There is some indication that innovation is related to better business results. Of the group of “innovation leaders” (identified as those who strongly believe their leadership is good at encouraging and nurturing innovation), the study found that “35% had delivered over 10% EBITDA growth in the last year, compared to just 16% of the rest of the private sector respondents.”

That’s good, but then there’s a pesky 65% of the lead group that didn’t see such performance differences.

In any case, the study’s goal was to find the key traits associated with the most outstanding innovators. The results are food for thought for C-suite executives that wish to be more innovative while avoiding costly failures — a situation reported by nearly half (47%) of the respondents. A full 50% also said they had seen a brilliant idea fail for avoidable reasons.

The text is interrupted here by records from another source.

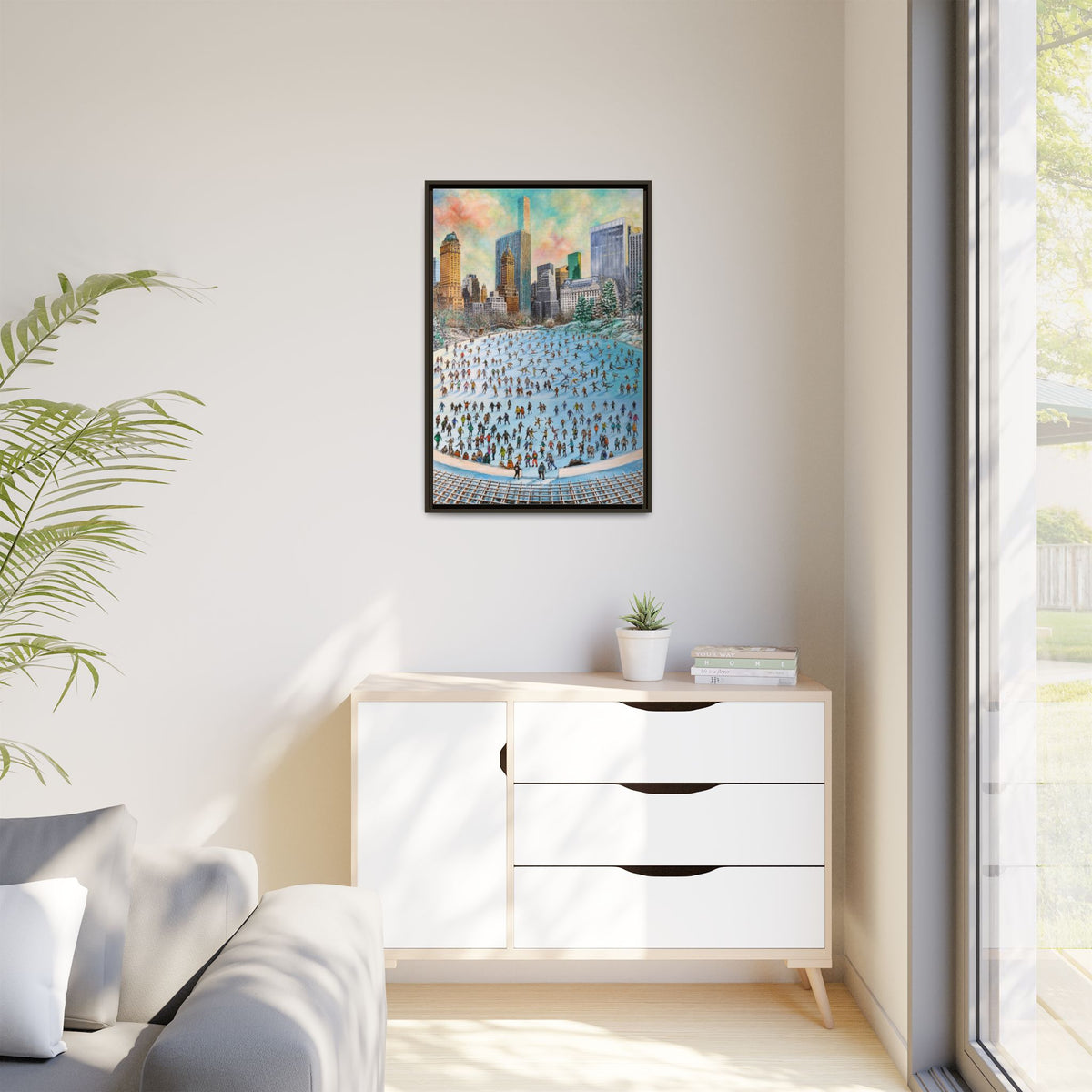 Central Park Ice Skaters — FRAMED Matte Canvas Print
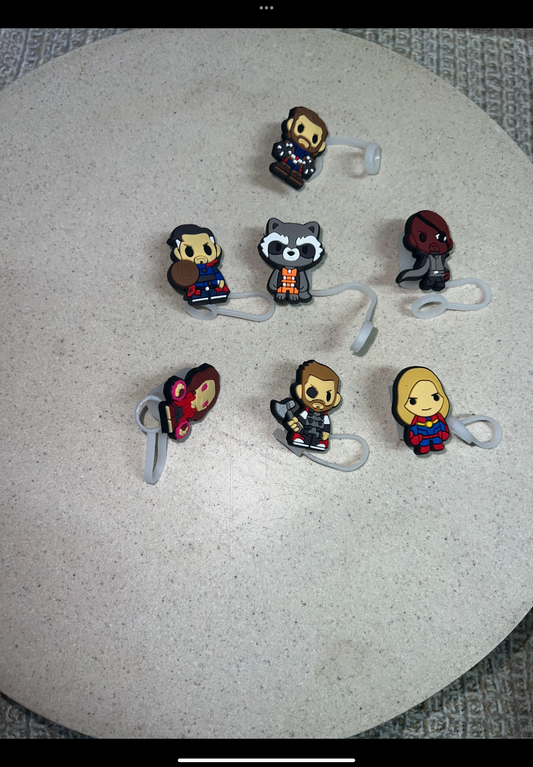 Avengers straw toppers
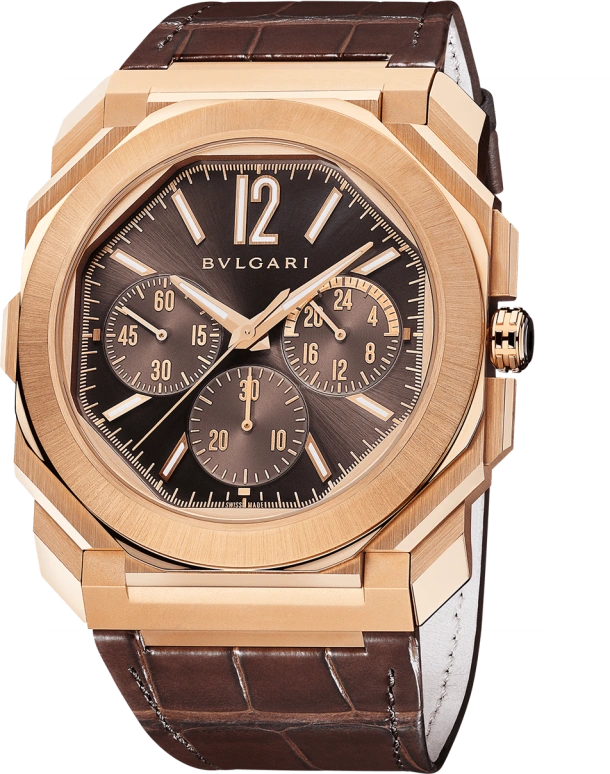 Bulgari,Octo 43mm,43mm,Rose Gold,Coffee,Rose,Luminous,Brown,Automatic,60hours,In-house Caliber,103468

Peter Siggins, business design expert at PA Consulting Group, told me culture was the main culprit. If leadership is risk adverse (sometimes for good reason, other times because there is not enough upside for them personally), then people aren’t encouraged to take risks.

Another factor is the lack of reward mechanisms to encourage innovation, and sometimes the opposite — punishment to risk takers — that combine to stifle innovation. Siggins suggests “rewarding the right behavior irrespective of the outcome,” rather than just on success. Because innovation is all about taking risks, but doing so in a way that doesn’t break the bank when some efforts inevitably fail.

The 100-page report breaks down innovation by industry sector, finding that life sciences has the highest percentage of innovation leaders. I was mildly surprised that Technology scored in the middle of the pack.

Source: PA Consulting
Source: PA Consulting

Let’s take a look at the No. 2 industry, Financial Services, which scored at exactly the average: 38% of companies categorized as innovation leaders. Analysis in the report notes that a compliance culture and legacy systems can undermine innovation efforts.

Source: PA Consulting
Source: PA Consulting

There also a section of the report segmenting data by country, where you’ll find the top 5 countries are Mexico, Sweden, US (at the industry average of 38%), Norway, and Germany. The United Kingdom was ranked lower, with just 23% of respondents in the leader group. UK respondent like to talk about innovation, but are held back by lack of focus (what is innovation, anyway?) and concern about achieving an ROI.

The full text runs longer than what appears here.